Test and Adjust Freshness Process

Freshness is exposed in the interface by way of a green leaf symbol which indicates that a dataset is up to date - this means that there has been an update to the metadata or the data in the dataset within the expected update frequency plus some leeway. In producing this document, I have examined whether what our definition of freshness makes sense and looked at how users react to it. In particular, I have identified some cases where the freshness process needs some adjustment in order to avoid misleading users. Below I outline the most pervasive problems with our freshness feature and then give proposals for a solution which includes renaming and clearly defining date of dataset, a new Last Modified metadata field for datasets and resources  and 3 options on how to present freshness in the UI.

The Problem

Issues that were already identified 

The following issues were found prior to the start of this investigation:

  • Exclude "Live", "As Needed" and "Never" datasets from no touch if already fresh rule - DONE
  • Discount edits made by HDX (as these edits cause datasets to be marked as fresh)
  • Restrict which metadata changes count as updates for freshness
  • Offer an "archived" icon in addition to "fresh" to indicate a dataset that is old, up-to-date, and no longer being updated. At the moment these are being called fresh, which is technically true, but tends to present a lot of old data to users.
  • Date of Dataset is used in different ways (captured later in this document)

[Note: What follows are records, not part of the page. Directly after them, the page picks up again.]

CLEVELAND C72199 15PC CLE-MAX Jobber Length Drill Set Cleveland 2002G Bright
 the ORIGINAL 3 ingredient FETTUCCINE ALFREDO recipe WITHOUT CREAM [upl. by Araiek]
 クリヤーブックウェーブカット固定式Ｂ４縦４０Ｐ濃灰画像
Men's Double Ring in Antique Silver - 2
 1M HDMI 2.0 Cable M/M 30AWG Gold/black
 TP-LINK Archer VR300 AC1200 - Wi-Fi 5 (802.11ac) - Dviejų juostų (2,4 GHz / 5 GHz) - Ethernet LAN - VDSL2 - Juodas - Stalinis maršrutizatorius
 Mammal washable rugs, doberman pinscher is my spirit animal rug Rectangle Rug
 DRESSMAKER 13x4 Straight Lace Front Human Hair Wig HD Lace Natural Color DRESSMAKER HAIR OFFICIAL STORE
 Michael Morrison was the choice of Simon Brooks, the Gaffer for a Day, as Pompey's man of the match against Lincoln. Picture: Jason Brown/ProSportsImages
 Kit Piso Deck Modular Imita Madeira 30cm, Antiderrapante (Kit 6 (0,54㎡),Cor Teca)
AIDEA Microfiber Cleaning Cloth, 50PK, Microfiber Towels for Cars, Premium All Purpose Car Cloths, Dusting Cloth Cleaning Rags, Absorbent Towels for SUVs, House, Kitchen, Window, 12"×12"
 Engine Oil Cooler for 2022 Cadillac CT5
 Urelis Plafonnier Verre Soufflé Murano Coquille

Discount edits made by HDX

Edits by HDX staff are typically to fix issues and have no bearing on the up to dateness of the data, hence they should be ignored by freshness but we need to consider what to do about edits to datasets maintained by HDX.

The edits that have been performed on a dataset can be seen by looking at package_revision_list. One complication is that we must go through the history of edits because someone outside HDX could make an update, followed not long after by someone in HDX. A naive implementation could miss the first edit which should count towards freshness.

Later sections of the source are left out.